Radici e Rami - Anita Rusciadelli

corteccia.

Il simbolo, l’albero e le parti perdute

Precipito dentro di me

come in un bosco incantato.

Alejandro Jodorowsky

Il Simbolo (da symbáll ō , metto insieme) era per i greci antichi un oggetto di riconoscimento, generalmente una moneta che, spezzata in due parti irregolari, garantiva a due persone rimaste a lungo lontane, la certezza di potersi riconoscere e finalmente riunire, riempire vuoti di mancanze, ricomporsi in un abbraccio e respirare un’appagante sensazione di pienezza.

Il coincidere perfetto delle due parti significava dunque recuperare l’unità momentaneamente perduta e la ricongiunzione a lungo anelata.
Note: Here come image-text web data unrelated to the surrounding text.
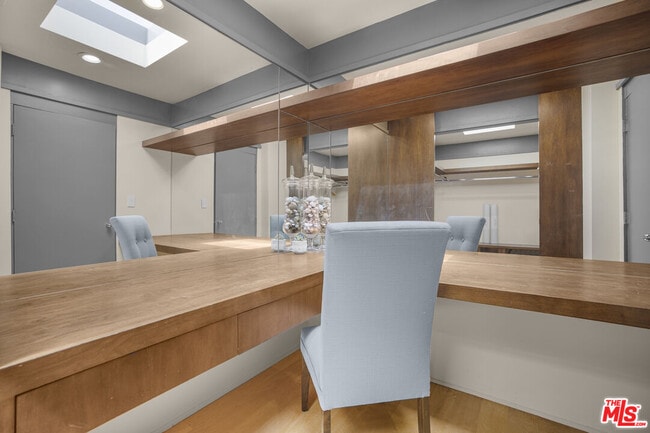 Photo - 9892 Beverly Grove Dr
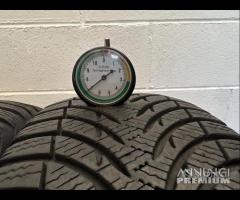 2 gomme 195/55 R15. Michelin Invernali all 90%
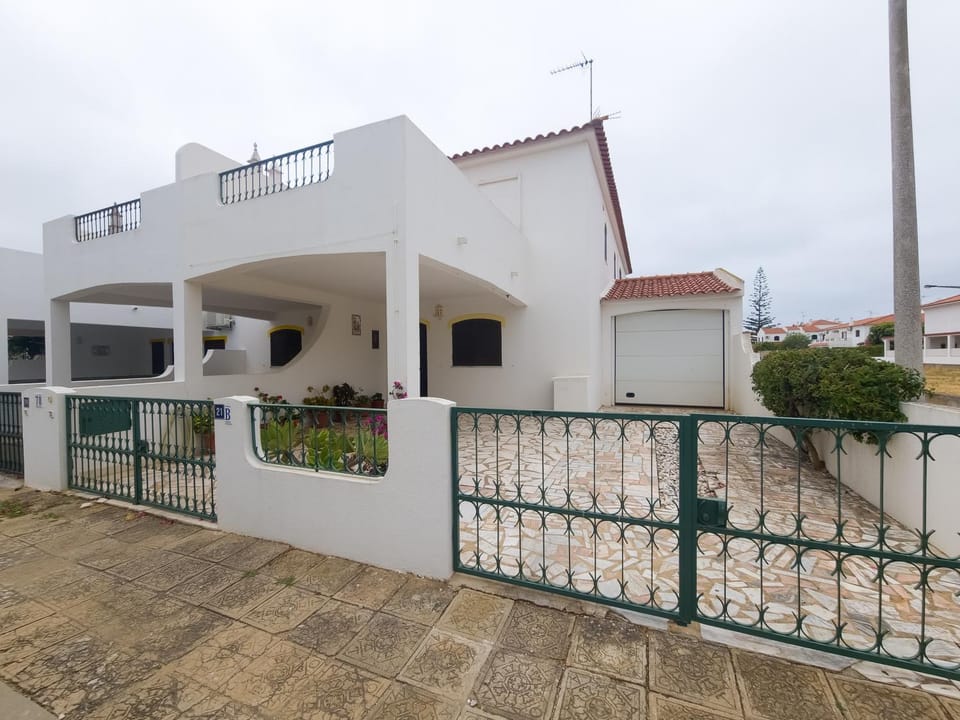 Property building, Balcony/Terrace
Non sempre tuttavia, questa sensazione di compiutezza ritrovata passa attraverso l’incontro con una persona; più facilmente – e più intensamente – arriva a noi con un odore, con la sfumatura di un colore o la scia di un suono ed ecco che, per un attimo, avvertiamo chiaramente il sopraggiungere di alcune nostre parti credute perdute e un senso vago di calda ricomposizione.

Personalmente, a me capita quando vedo qualche oggetto della mia infanzia, una trottola di latta, un caleidoscopio, ad esempio, e improvvisamente mi travolge, la me-di-ieri. Non è nostalgia quella che provo, ma pura, gioiosa e struggente sorpresa, nel ritrovare quella dimensione di stupore bambino, con i suoi scenari illimitati di fiduciosa espansione.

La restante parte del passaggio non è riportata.